4. Describe in detail at least 3 different ways of forwarding \( t0 \) to the last add instruction.

   ```
   addi t0, t0, 1
   addi t1, t0, 1
   addi t2, t1, t0
   ```

Q7 The -ftrapv option available in gcc and clang emits instructions to trap on integer overflow. Consider the following function:

```c
int f(int a, int b) {
    return a + b;
}
```

1. Why are integer overflows problematic? You can answer with a list of exploded rockets.

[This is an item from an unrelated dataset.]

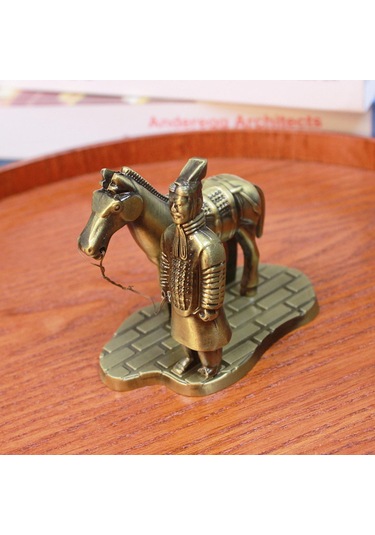 Homyl Antik Çin Qin Heykeli Alaşımlı Ev Modeli Terakota Genel 6,3 Cm X 6 Cm X 3,5 Cm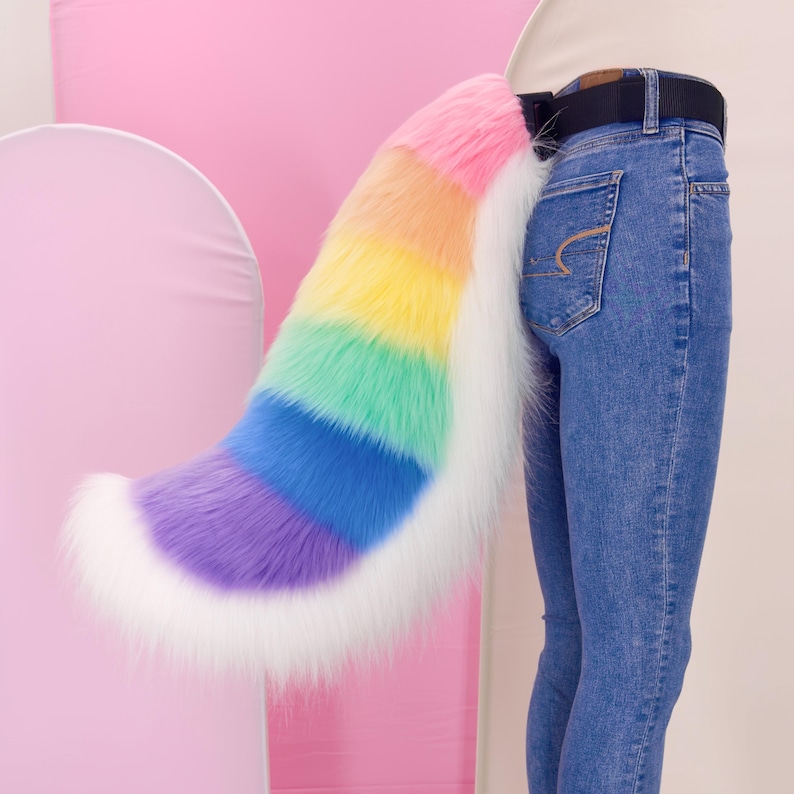 Pastel Rainbow Canine Style Pride Tail - Etsy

2. What instructions would you emit to implement the given function, detecting overflow? Show the instruction listings generated by clang and comment on the performance of each implementation on X86, ARMv7 and AArch64. If you are brave, build a version of clang with the MIPS backend:
You can then compile your source using:

g++ overflow.c -o overflow.S -S -ftrapv -c -O3 -fomit-frame-pointer -target mips

3. How does hardware support for exceptions on overflow facilitate the implementation of a safe language? Are precise or imprecise exceptions required?

4. How could you optimise null pointer checks using exceptions? You can look at Java.

5. Assuming you have a bytecode interpreter which has a GET n instruction to fetch a word from virtual address n, show how you could build a safe interpreter without performing a bounds check. The memory used by the bytecode VM is linear and of size s.